Femicide ─ the murder of women because they are women
In the United States, one-third of women murdered each year are killed by intimate partners.
In South Africa, a woman is killed every 6 hours by an intimate partner.
In India, 22 women were killed each day in dowry-related murders in 2007.
In India currently 60 million women are missing and have either been aborted before birth, killed once born, died of neglect because they were girls, or perhaps murdered by their husband’s family for not paying enough dowry at marriage.
In Guatemala, two women are murdered, on average, each day.
In Australia, a woman is killed almost every week by a male partner or ex-partner.
Women and girls comprise 80 percent of the estimated 800,000 people trafficked annually , with the majority (79 percent) trafficked for sexual exploitation. In 2011, 23,000 women were abducted in China.
Approximately 100 to 140 million girls and women in the world have experienced female genital mutilation/cutting, with more than 3 million girls in Africa annually at risk of the practice.
Early marriage is a form of sexual violence which sees over 60 million girls worldwide are child brides, married before the age of 18, primarily in South Asia (31.1 million in South Asia and Sub-Saharan Africa (14.1 million). In Yemen in Sept 2013, a young 8 year old child bride died on her wedding night from sexual-related injuries. According to Human Rights Watch, 14% of girls in Yemen are married before age 15, and 52% are married before age 18.
Sexual violence against women and girls
As many as 1 in 4 women worldwide are physically or sexually assaulted while pregnant.
An estimated 150 million girls under 18 suffered some form of sexual violence in 2002 alone.
As many as 1 in 4 women experience physical and/or sexual violence during pregnancy which increases the likelihood of having a miscarriage, stillbirth and abortion . Up to 53 percent of women physically abused by their intimate partners are being kicked or punched in the abdomen.
In Sao Paulo, Brazil, a woman is assaulted every 15 seconds.
In Ecuador, adolescent girls reporting sexual violence in school identified teachers as the perpetrator in 37 per cent of cases.
Rape as a method of warfare
Approximately 250,000 to 500,000 women and girls were raped in the 1994 Rwandan genocide.
In eastern Democratic Republic of Congo, at least 200,000 cases of sexual violence, mostly involving women and girls, have been documented since 1996, though the actual numbers are considered to be much higher.
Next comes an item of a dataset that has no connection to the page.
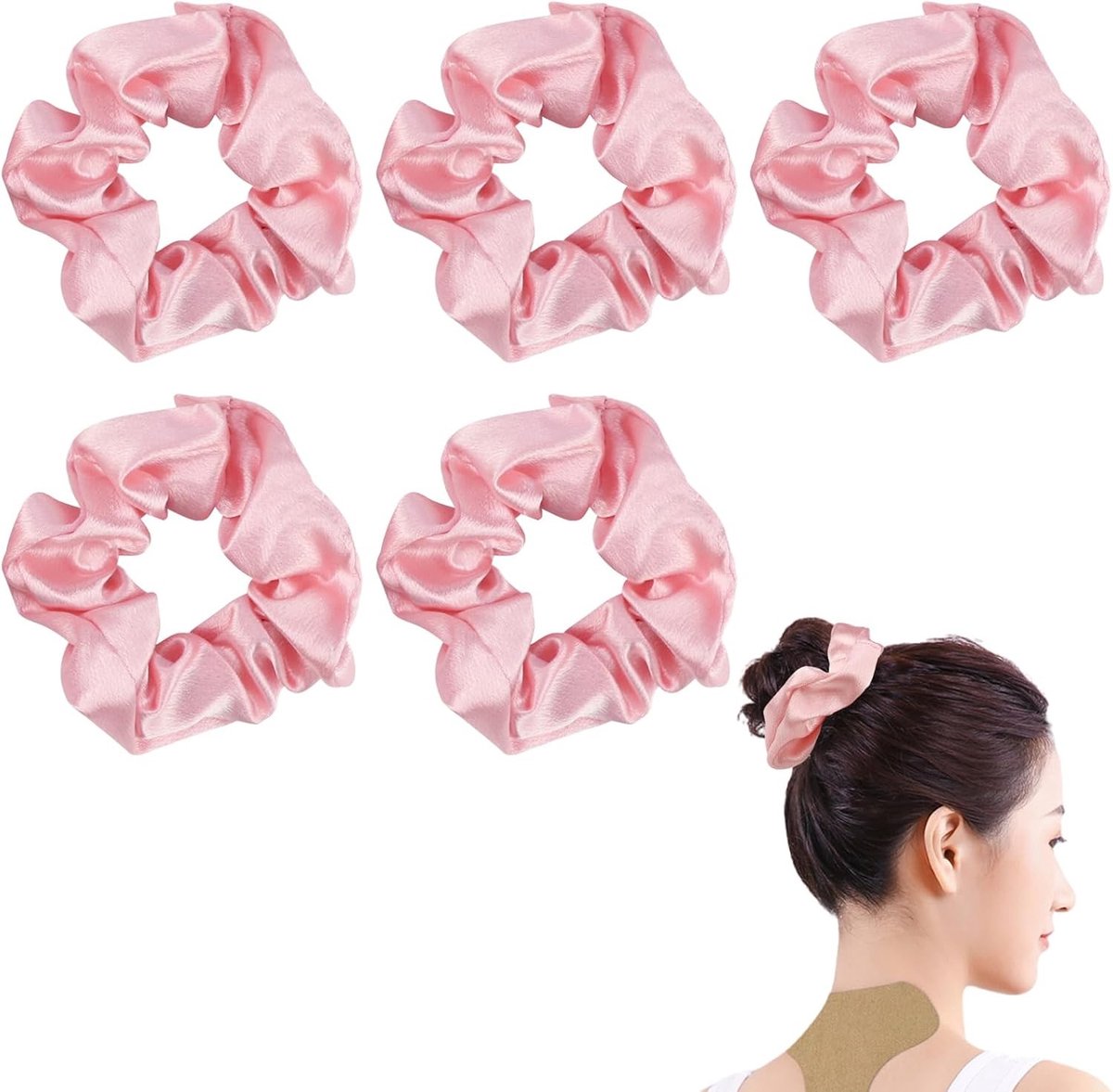 5 stuks satijnen haarelastiekjes, grote fluwelen scrunchies en elastische haarbanden voor vrouwen en meisjes (zwart)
Rape has been used in warfare throughout history.
Between 40 and 50 per cent of women in European Union countries experience unwanted sexual advancements, physical contact or other forms of sexual harassment at their workplace.
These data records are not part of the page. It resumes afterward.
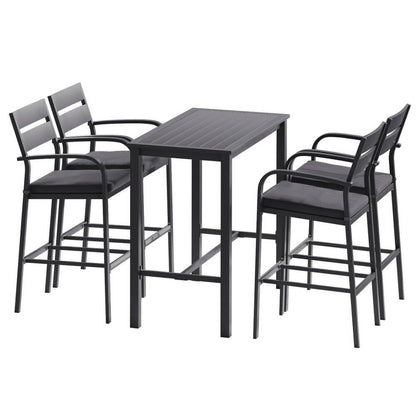 Alton | Modern Dark Grey White Metal Indoor Outdoor Bar Stool Set | 4 Seater | Dark Grey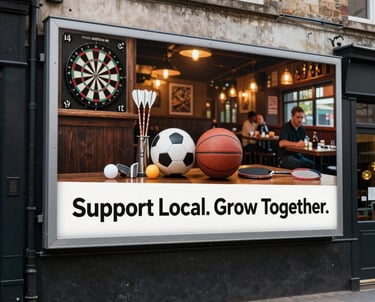 Runner on a large illuminated billboard at night.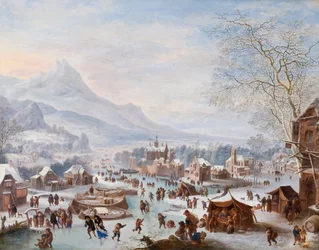 Escena invernal con patinadores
In the United States, 83 per cent of girls aged 12 to 16 experienced some form of sexual harassment in public schools.
Judging by these statistics, it’s clear we live in a patriarchy.
Regarding heterosexism and homophobia and their relationship to violence, if one does research on violence and bullying of LGBTI people today, it is significant despite advances on the front against heterosexism.
And let’s not forget the most invisible and widespread form of discrimination — speciesism — and consider what results from our speciesist attitudes towards nonhuman animals as we continue to use them as resources. We torture and murder more nonhumans animals (mainly for food) in a 3 to 5 day period than all humans killed in wars, genocide, famines, plagues and murders throughout history. Should we take this seriously? We certainly should and the way to take this horrific violence and injustice seriously is to become vegan.
Considering the violence resulting in all forms of discrimination, we can not overstate the importance of taking any form of discrimination seriously if we believe these groups ( human or nonhuman) morally matter.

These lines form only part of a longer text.